The title of Lena Dunham’s new book, Not That Kind of Girl is a reference to Helen Gurley Brown’s 1983 book, Having it All. It seems Ms. Dunham found the book at a second-hand store, read it, got inspired and wrote her book as an answer. Unfortunately the answer is coming from Lena Dunham. The absolute last person I would want to take advice from. About anything. When Helen Gurley Brown wrote her book it was groundbreaking. It was a big deal in 1982 for a woman to be married, a business woman, not a mother, and in charge of her body and sexuality. She is a hero to the feminist movement for being the CEO of a company and running a women’s magazine. Sure, a lot of what Ms. Brown wrote is outdated, but she was a ground breaker. Lena Dunham is a cheap knockoff.
Since the premiere of her show Girls Lena Dunham has been popular. She’s been loved and hated equally in the press. Lena Dunham is a polarizing personality. She’s been hailed as a rebel and a representative of her generation. And she’s been criticised as selfish, out of touch, child-like, and spoiled. Which she is. I mean, I don’t understand how any woman can watch Girls and think, “Gee. I’d like to be friends with them.” Women in Lena Dunham’s universe are stereotypes. And they’re mean! She herself grew up in New York, as the daughter of two artists and attended an all girls school. Then went to Oberlin. And Summered in Connecticut. There’s just something about her that’s un-relatable. Taking advice from Lena Dunham is like taking advice from Jay Gatsby.
And now the 28-year-old has a book of essays and advice from her years of experience. Basically, the book is full of sex and shtick. And it isn’t very funny. Here is an example from the book. “Not to sound like a total hippie, but I cured my HPV with acupuncture”. Hilarious. In a book that is supposed to be full of advice, or at least things the author has “learned”, the reader is left with… not so much soul baring by the author, but navel gazing. There isn’t much “honest” or “real” in this collection. And I guess that’s the major problem.

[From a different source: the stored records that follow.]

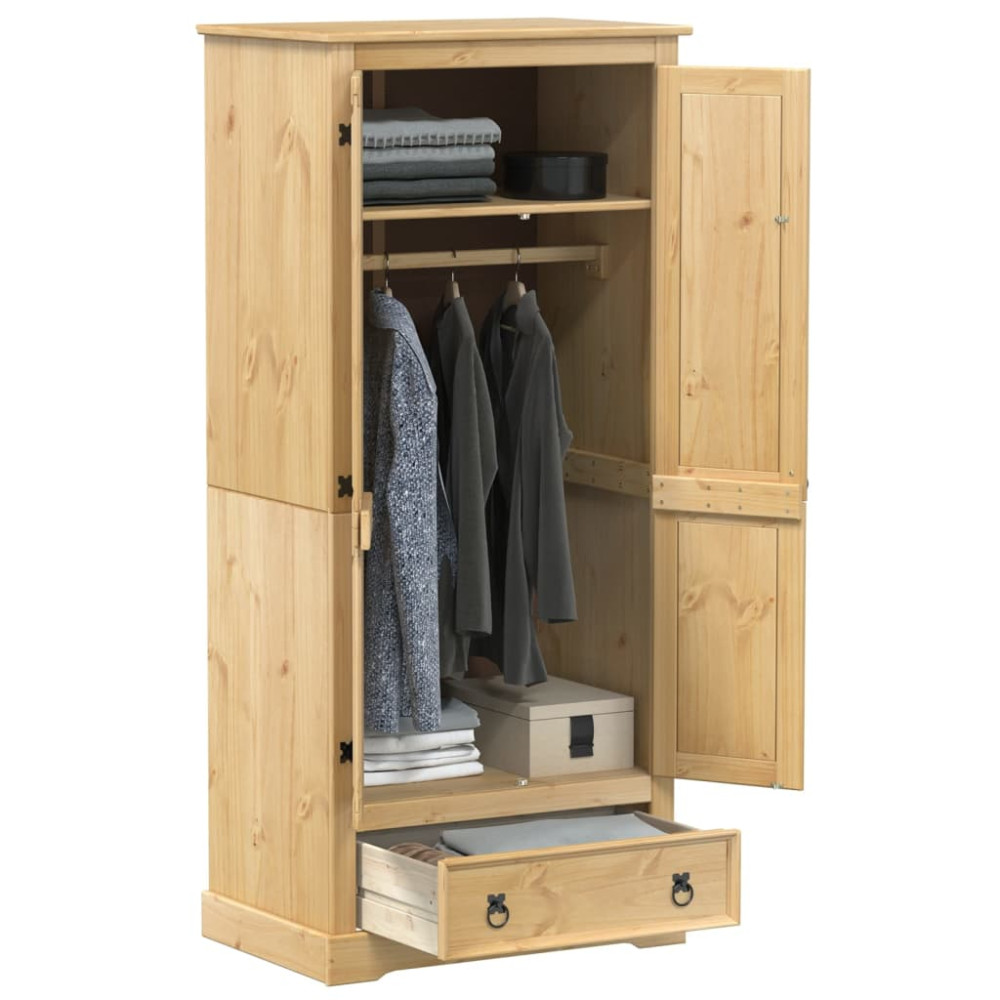 Produktbild för Garderob Corona 76x50x170 cm massiv furu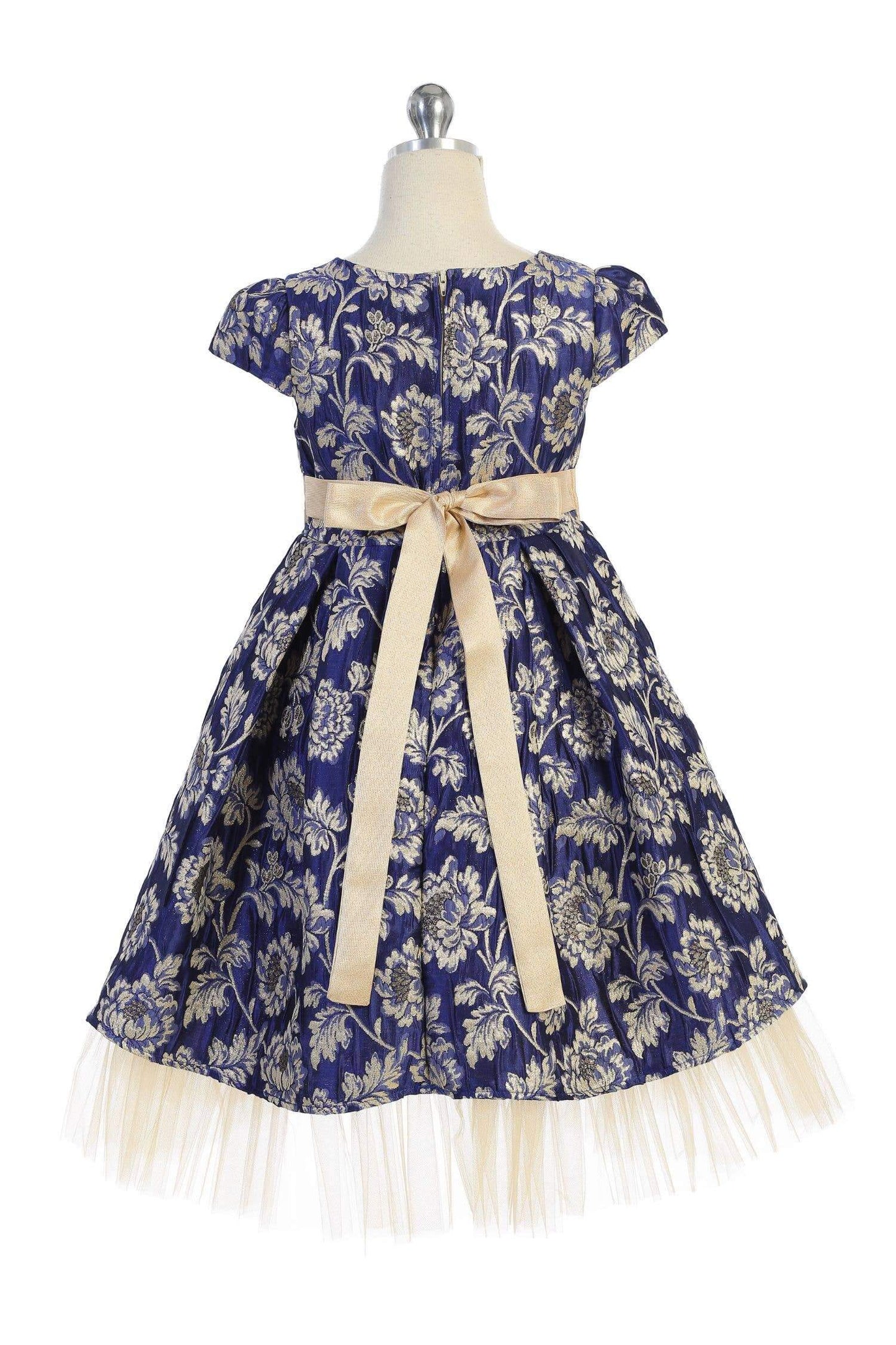 Royal Blue Brocade Peaking Tulle Dress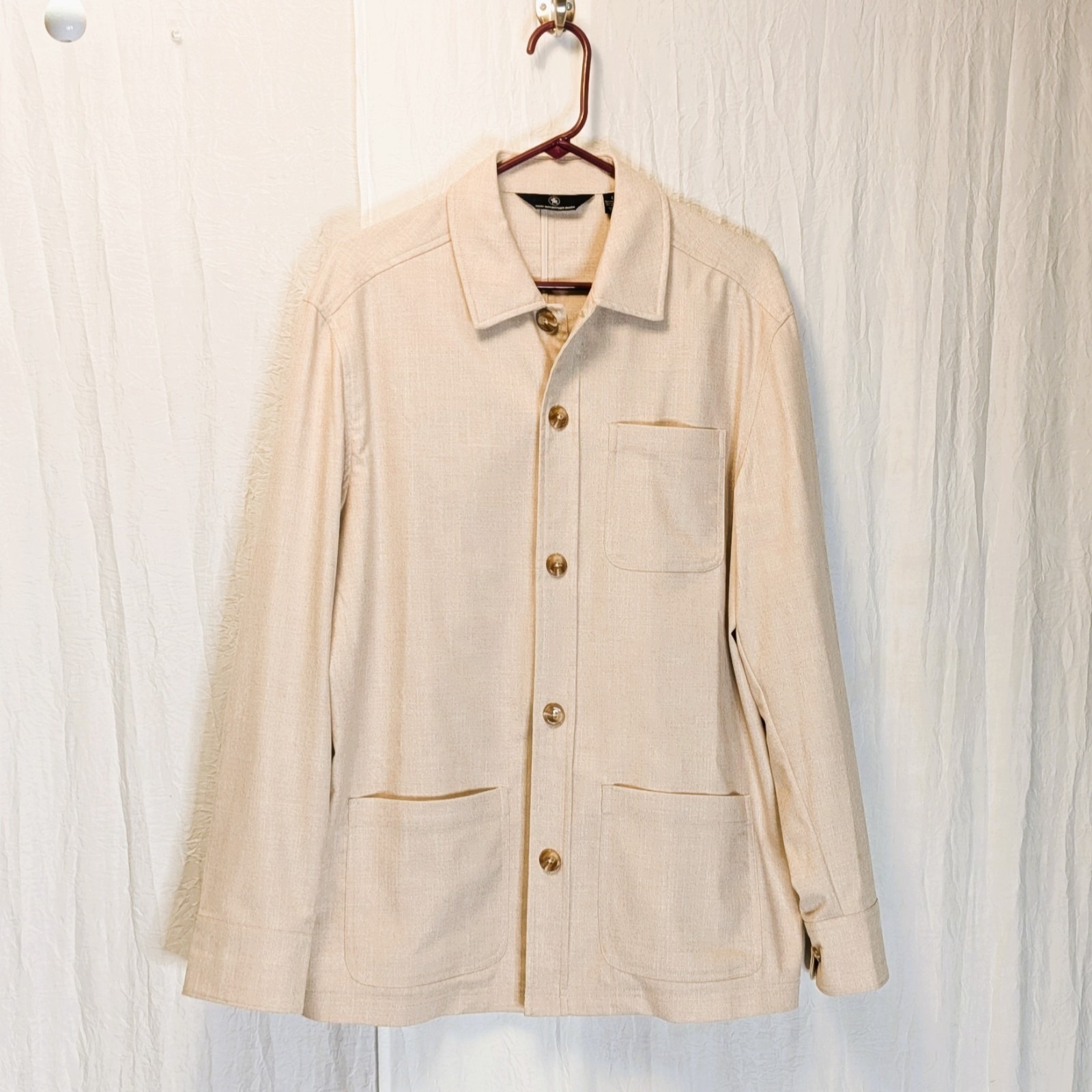 Hart Schaffner Marx Hart Flex Linen Blend Long Sleeve Solid Shirt Jacket Large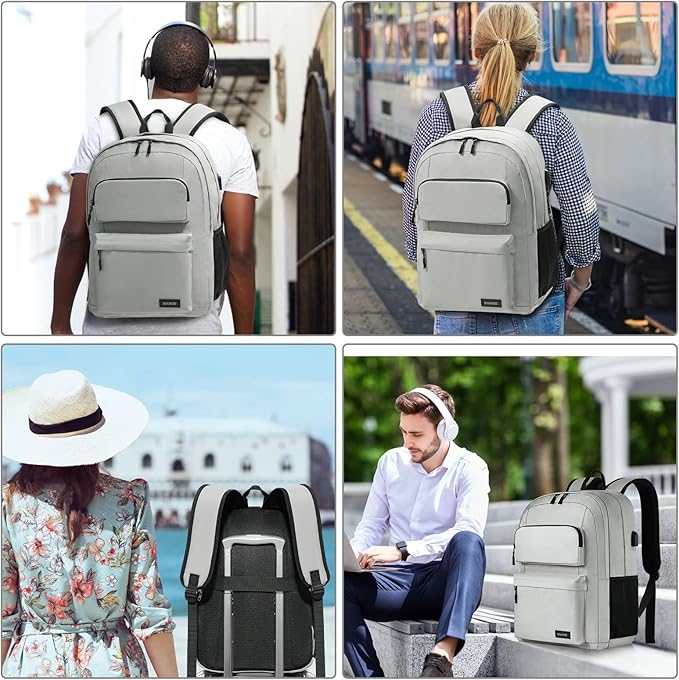 Backpack for Men and Women, School Backpack for Teen Boys and Girls, Carry-on Lightweight Casual Bookbag with USB Charging Port Fit 15.6 Inch Laptop, Grey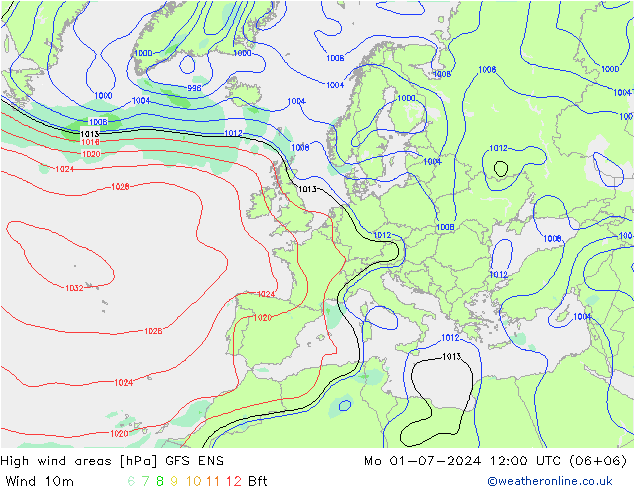 Windvelden GFS ENS ma 01.07.2024 12 UTC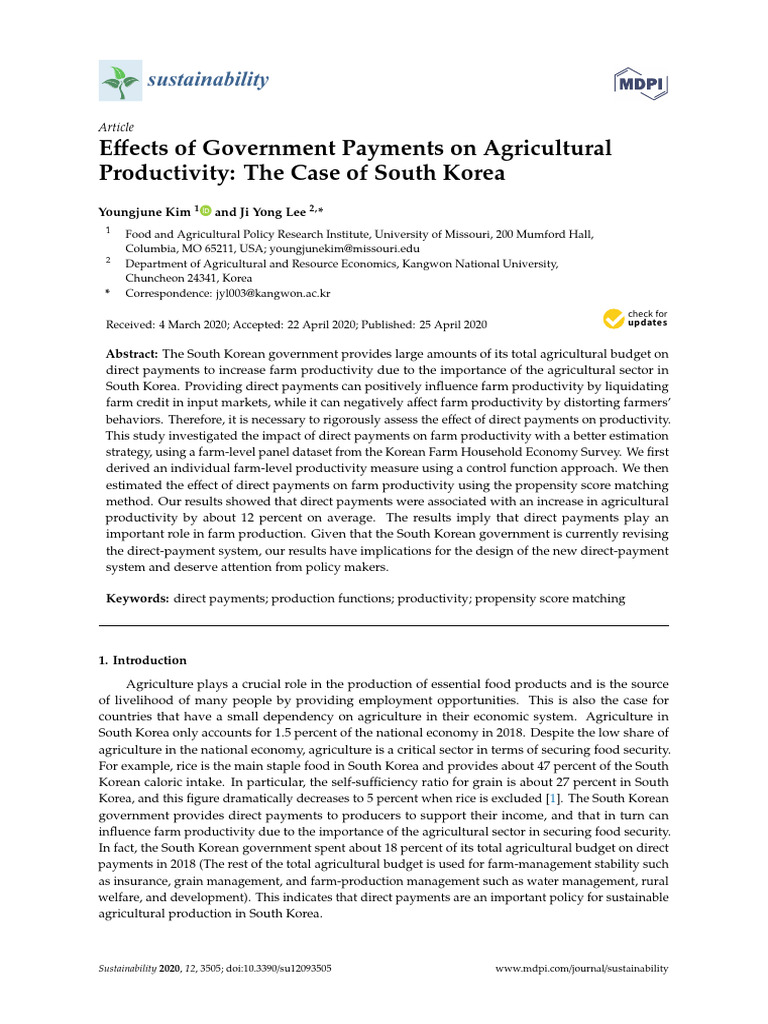 Impact of Direct Payments on Korean Agriculture | PDF | Regression ...
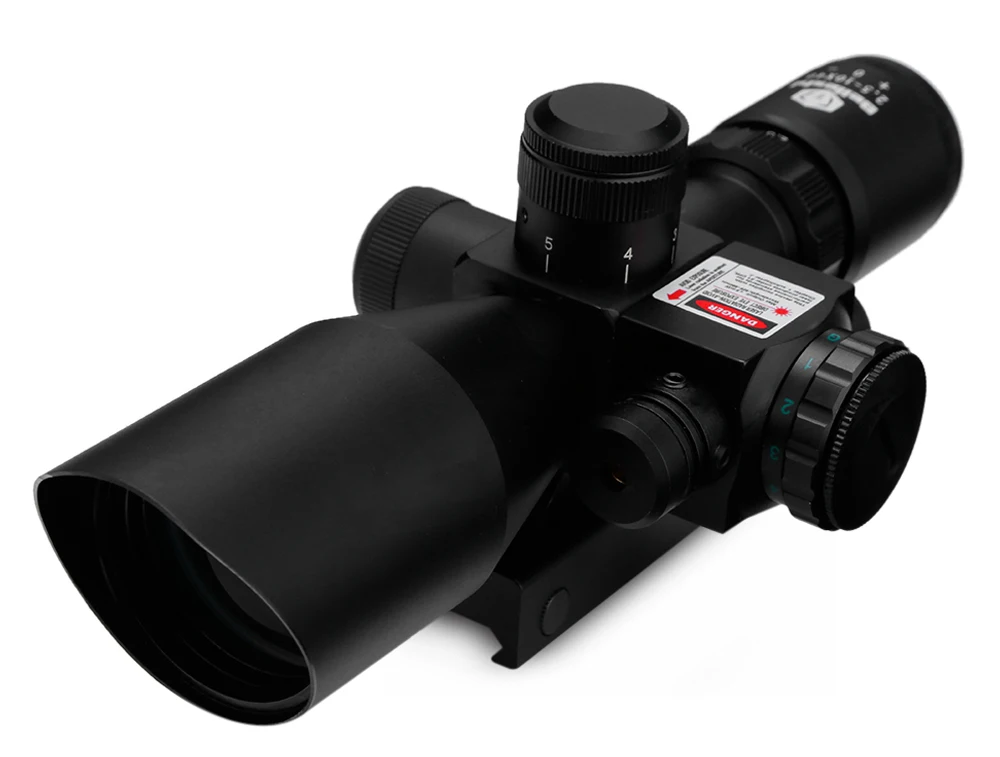 Beileshi Riflescope Red Dot Tactical 2.5 - 10 x 40 Red Laser Dual Illuminated Mil-dot W / Rail Mount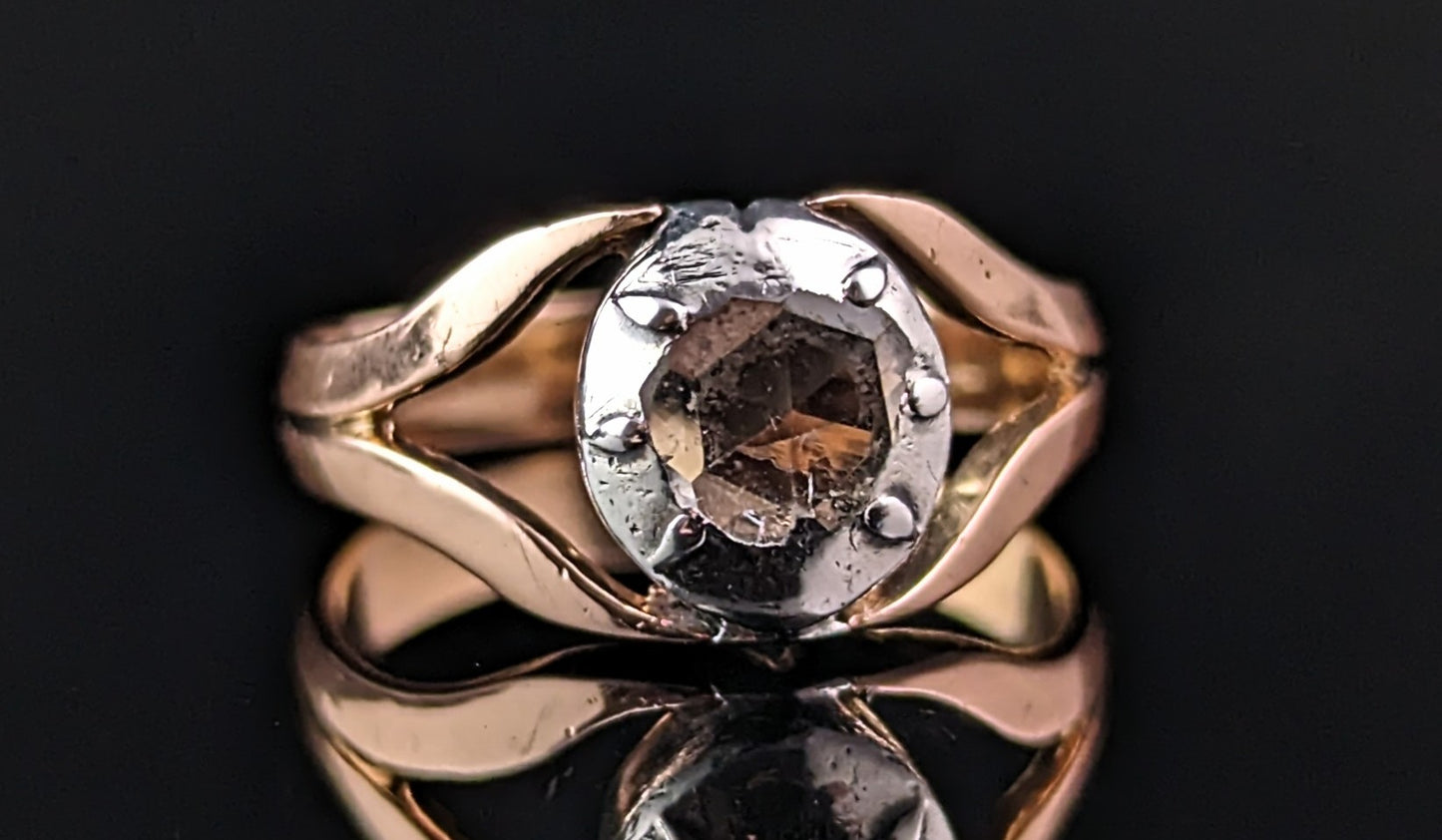 Antique Rose cut diamond conversion ring, 9ct rose gold and silver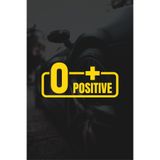Quart Aksesuar 0+ Pozitif Kan Grubu Motor Araba Cam Sticker 11x5 cm Sarı, qak2876236205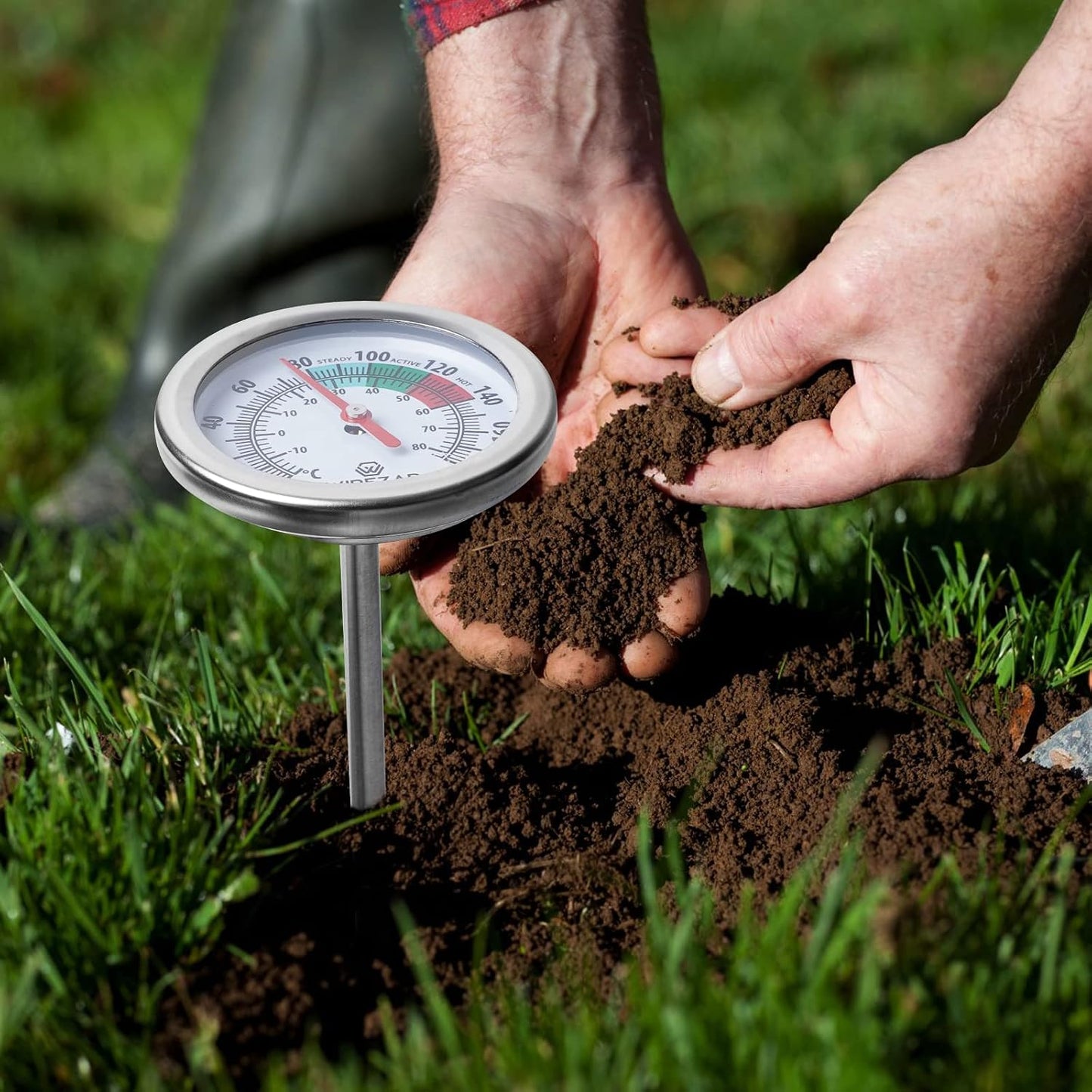 Termómetro compost acero inox 5pulg impermeable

Lena Dunham already “has it all”. She was born having it all. The idea that a 28-year-old girl born with a silver spoon in her mouth has written her “memoirs” or an “advice book” is absurd. She is just too young and too privileged to write this type of book. It’s filled with the quirky stories we’ve come to expect from Dunham (trips to the gynaecologist, losing her virginity, finding a therapist, summer camp, and of course, filming a television show. We all know how that can be.) The problem is the stories are repetitive and often boring, lacking the humor and style of better writers like Nora Ephron, Tina Fey or Mindy Kaling.
Maybe I’ve judged her book unfairly, maybe this book is for her “fans” and the rest of us should steer clear. But a good book is a good book. No matter what the target demographic happens to be. For my time and money I can think of at least ten female celebrity memoirs that I would recommend before this one. Ms. Dunham’s stories can best be described as “occasionally entertaining”. If that’s enough for you – enjoy! If not, try Tina Fey’s Bossypants, Nora Ephron’s I Feel Bad About My Neck, or Happy Accidents by Jane Lynch.